• **Work request**
Your answer must be an exact copy of the data below, minus any pictures.

• **Data excerpt**
-----

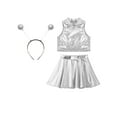 thumbnail image 3 of Choomomo Ensemble 3 Pcs Filles Halloween Costume d'Extraterrestre Cosplay Camisoles avec Jupe Trapèze Plissée Évasée Mini et Serre-Tête pour Jeu de Rôle Fête Argent 8, 3 of 7
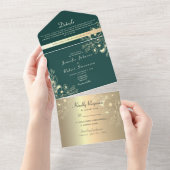 Elegant Smaragd Groen Bloemen Bruiloft All In One Uitnodiging (Afscheurbaar)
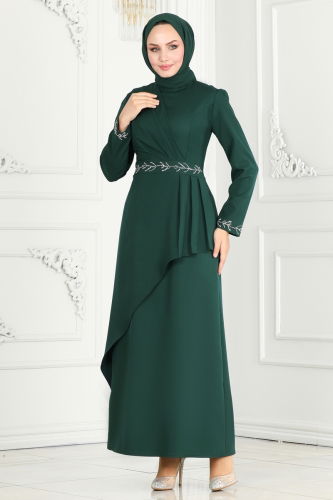 moda selvim EVENING DRESS 3020KTR750 Emerald - Thumbnail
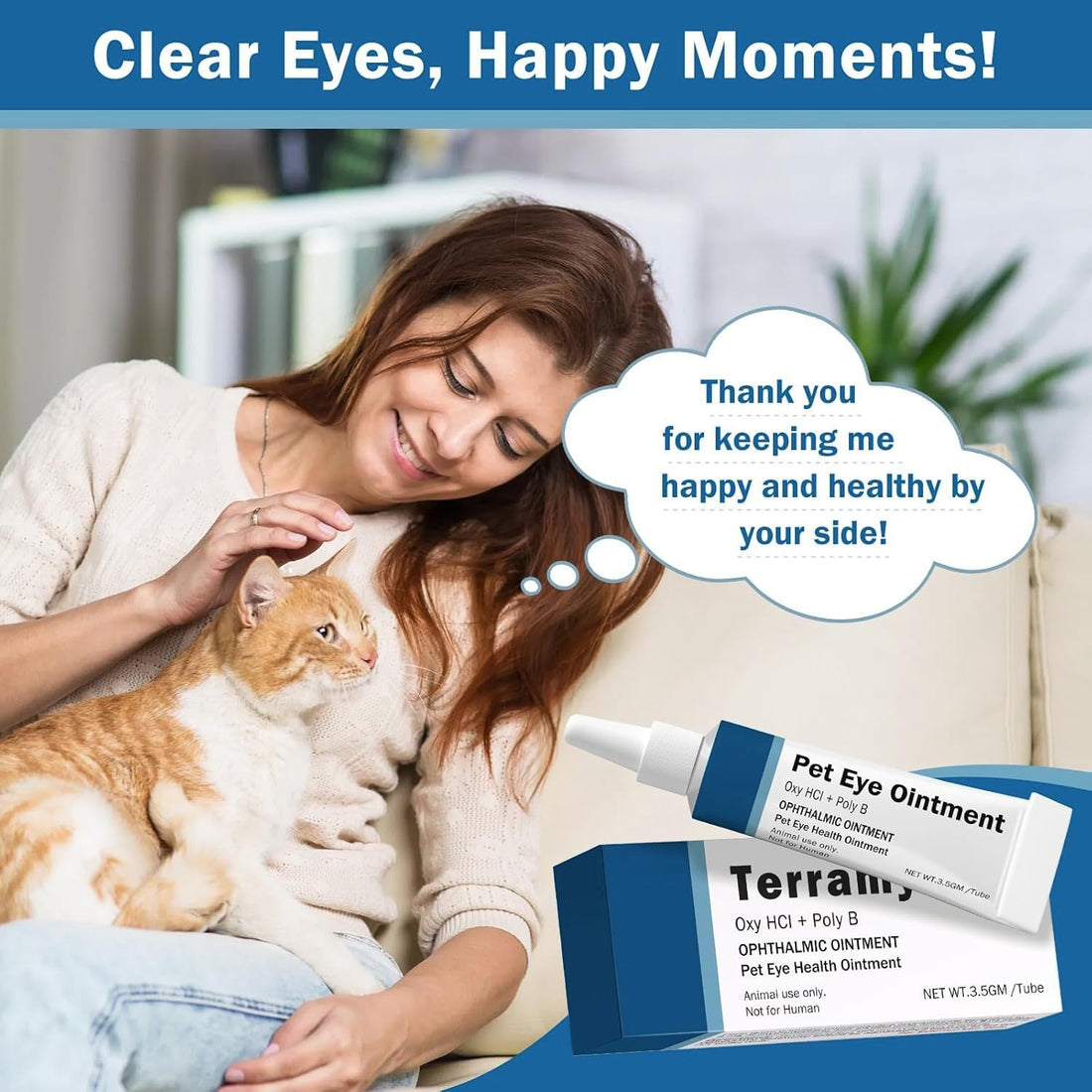 Polika Pet Health Eye Cream for Cats, Dogs, Cattle, Sheep, Horses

-----

• **Response**
 thumbnail image 3 of Choomomo Ensemble 3 Pcs Filles Halloween Costume d'Extraterrestre Cosplay Camisoles avec Jupe Trapèze Plissée Évasée Mini et Serre-Tête pour Jeu de Rôle Fête Argent 8, 3 of 7
 Elegant Smaragd Groen Bloemen Bruiloft All In One Uitnodiging (Afscheurbaar)
 moda selvim EVENING DRESS 3020KTR750 Emerald - Thumbnail
 Polika Pet Health Eye Cream for Cats, Dogs, Cattle, Sheep, Horses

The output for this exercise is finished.